Understanding the Reliability of Educational and Psychological Tests

Why aren't tests reliable?

The reason tests are not reliable is that reliability is a property of the interpretation of scores not the tests themselves.

This isn't a matter of semantics.

Think about it this way.

Give all the students in one school an achievement test. The test items don't change so they appear stable, consistent, and reliable. However, when publishers report reliability values, they calculate the reliability statistics based on scores. Scores vary from one administration to another. If you ever took a test twice and got a different score, you know what I mean. Individuals change from day to day. And we change from year to year. Also, even a representative sample of students for a nation can be different each year.

Everytime we calculate a reliability statistic, the statistic is slightly different.
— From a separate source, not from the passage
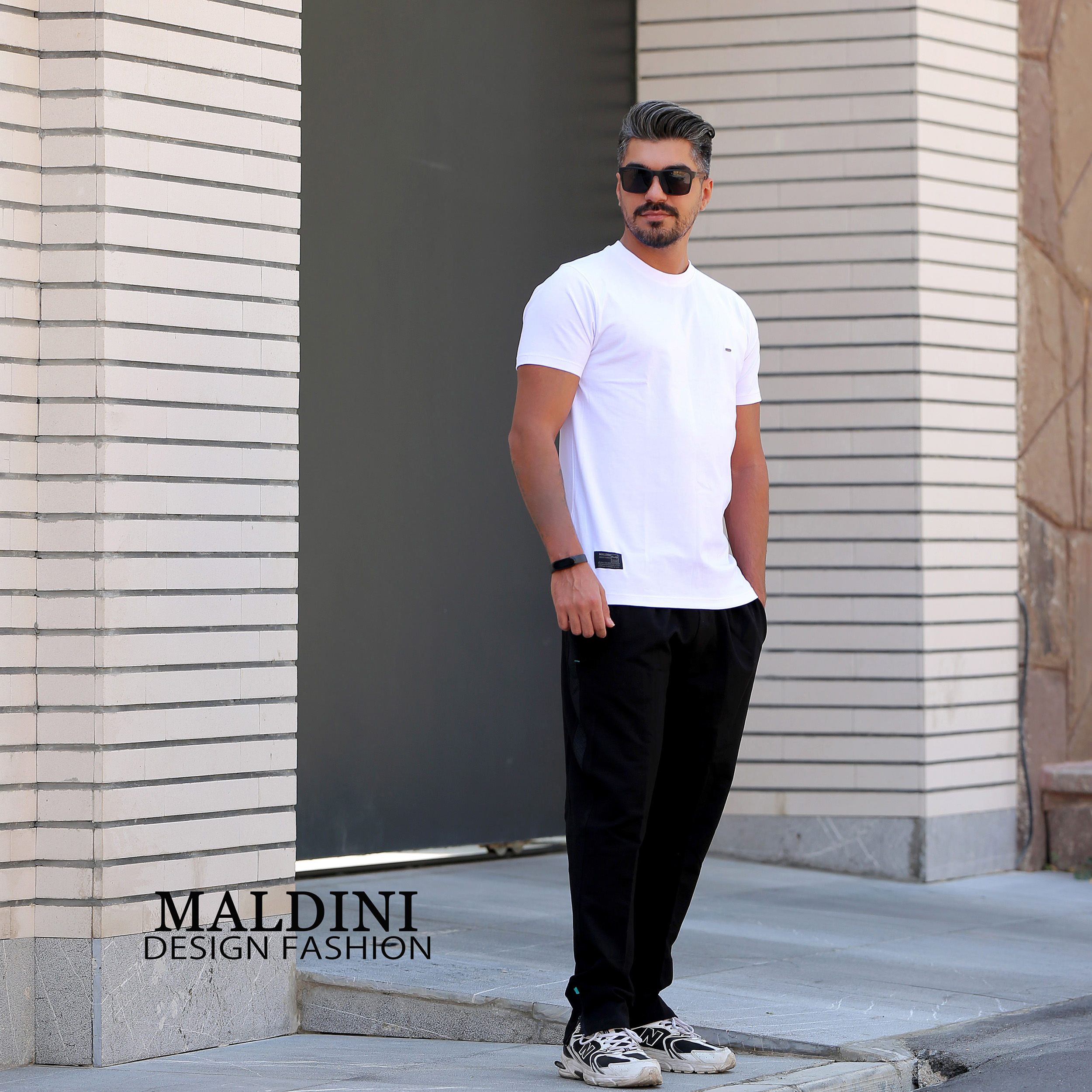 تی شرت آستین کوتاه مردانه مالدینی مدل T-157 -  - 8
Reliability values vary with the sample.

Reliability values vary with the method of calculation.

Reliability values also vary with the method used for calculation. You can get high reliability values using coefficient alpha with scores from a one-time administration. This method is common in research articles. But you will see different values from the same research team in different samples in the same article.

If we use a split-half method, which usually calculates reliability based on a correlation between two halves of one test, then we can get a reliability value based on one administration. But that's only half a test! Researchers use the Spearman-Brown formula to correct for the shortened half-test problem- but that's just an estimate of what the full test could be.

There's also a test-retest reliability method. Give a test one time, wait awhile- maybe a week or several weeks, then retest. That gives you an estimate of stability. But if you have a good memory, you can score higher on the second test on some tests like intelligence and achievement.

By now you get the point. Any one test can be associated with a lot of reliability values. The reliability problem is not just about tests. The problem can be understanding that tests do not have one reliability value. As with many things in science, there are many variables to consider when answering a question.

Reputable test publishers include reliability values in their test manuals. Teachers, Counselors, Psychologists, and other users ought to know about test score reliability.

Quick Notes on Reliability

Reliabilility is a property of scores not tests.

Reliability may mean stability of scores over time.

Reliability may mean how consistently test questions measure whatever the test measures.

Reliable test scores in one culture do not mean they will be reliable in another culture.

Reliable test scores do not guarantee the score are valid - but reliability places a limit on validity.

Reliability statistical concepts apply to tests, quizzes, polls, surveys...sets of questions yielding numerical scores.

Note: This is a re-posting of a post to this new blog.